The festive period has a habit of shining a spotlight on unhappy marriages, and many people start to seek new beginnings in the new year. But amid the emotion of embarking on separate lives, and the logistics of complicated family and financial arrangements, people in the throes of divorce can often overlook longer term financial arrangements in favour of ‘getting life sorted’, such as buying a new home and ensuring children are financially supported.
Don’t leave yourself financially vulnerable
A specific area of concern is making appropriate provision for retirement income. It’s easy to overlook this when negotiating terms of a divorce as it can feel like a very long way off. Here are three of the key issues facing women when it comes to retirement, although these are equally relevant for any stay-at-home parent/ carer:
Lack of confidence in future pension provision
Women are particularly vulnerable when it comes to adequate pension provision. Our ‘What’s your Number?’ research study found that 26% of pre-retiree women (age 55 to 64) expect to rely on their partner’s savings and investments in retirement. That figure goes up to 35% for women of high net worth. At the same time, only 12% of women are ‘very confident’ that they can build up a pension pot that allows them to retire when they want. In general, women are far less confident about their retirement savings than men at every life stage. But what is staggering is that this confidence gap is most pronounced after age 65 when 61% of men are confident versus only 36% of women. This shows an enormous gap in the financial fortunes of older women and older men.
Lack of pension wealth
According to the Office for National Statistics Wealth and Assets Survey, the average divorced woman over the age of 50 will have a pension worth about £131,000, three times less than the average married couple of the same age, at £454,000[ii]. And a report by the Pensions Policy Institute found that there are 1.2 million women in their 50s with no private pension wealth and hence will rely on the State Pension system and their partner to provide a retirement income. This represents approximately 5% of all women[iii]. This is particularly concerning because, by the time they are in retirement, any maintenance payments may have ceased, leaving them with no income at all.

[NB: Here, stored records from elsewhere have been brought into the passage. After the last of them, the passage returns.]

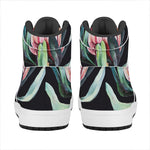 Protea Flower Print High Top Leather Sneakers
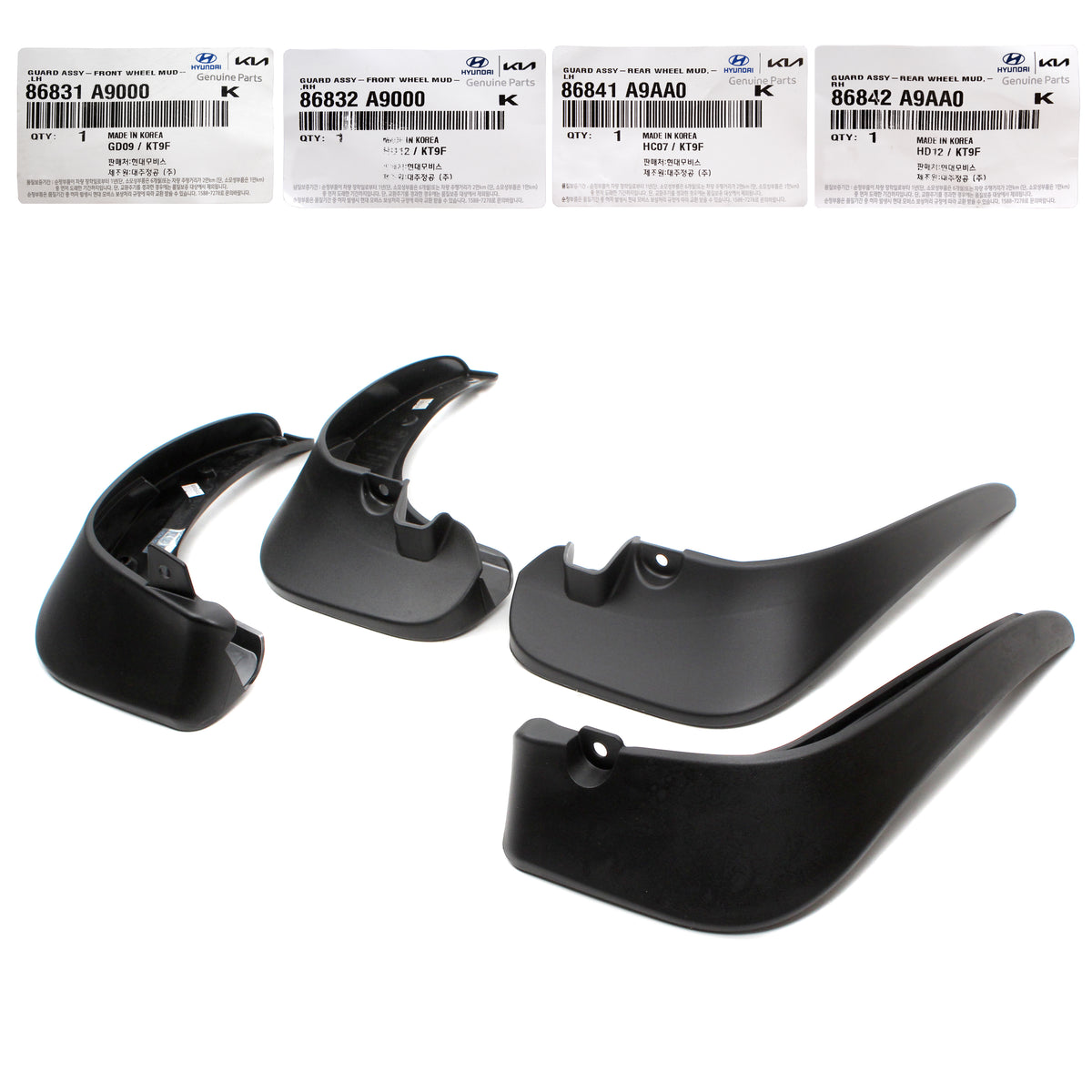 GENUINE Splash Flaps Mud Guards 4pcs for 2015-2018 Kia Sedona 86831A9000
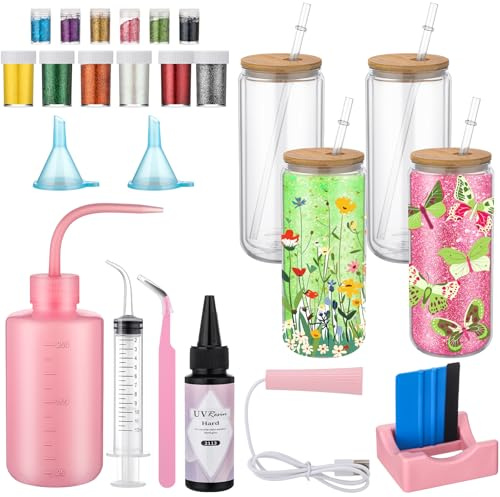 Skylety 4 Pack DIY Snow Globe Tumbler Supplies Kit 16oz Pre Drilled Double Wall Cup 12 Colors Glitter Squeeze Bottle Funnel Tweezer Bent Syringe UV Resin Flashlight Cup Holder Scraper(Log Color)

Lack of independent help and guidance
The issues above could perhaps be avoided if stay-at-home parents/ carers felt able to seek financial advice, placing an importance on their own pension provision. Our report found that at every life stage, men are more likely to seek financial advice than women, with nearly 6 in 10 female retirees never having received advice. Instead, women are more likely to base financial decisions based on the recommendation of a family member. But what happens if you are divorcing the family member in question?
Your pension options
You need to think carefully about how you will fund your retirement. There are several options when it comes to splitting pensions at divorce or when a civil partnership dissolves, and it can be complex. For that reason, we would recommend you find a lawyer that specialises in pensions. Not all lawyers are experts in this area, and they can overlook future provision during retirement in favour of securing a good ‘upfront’ deal.
For example, there is an option of ‘pensions offsetting’, where you receive (say) a bigger share of the family home in lieu of a share of your ex-partner’s pension. This might feel like a good option in the short term, but when the family maintenance payments stop, the children have flown the nest, and you find yourself with no income, you may regret this decision.
Alternatively, you can agree to ‘pension sharing’, where the pension is transferred into your name (or your name is added to your ex-partner’s pension scheme), and you get a percentage share of their pension(s). Or there is a ‘pension attachment order’ where a share of your ex-partner’s pension is ear-marked for you, and you will start receiving it when it starts being paid to them. Any payment you receive is subject to tax at your ex-partner’s rate of income tax. You will need a court order for either of these options, hence the reason it’s so important to find a lawyer who is knowledgeable in this field. If you are both already retired, you can still split a pension, but you won’t be able to receive your share in the form of a lump-sum. It will need to be paid to you as an income.
Plan ahead and take advice
If you are going through a divorce, it’s easy to become fixated on the family home as your biggest asset when it comes to splitting finances. But your ex-partner’s pension may also be a significant asset, and you need to protect your financial well-being for the long term. As well as ensuring you have the right lawyer, you should also seek advice from a qualified financial adviser as soon as possible.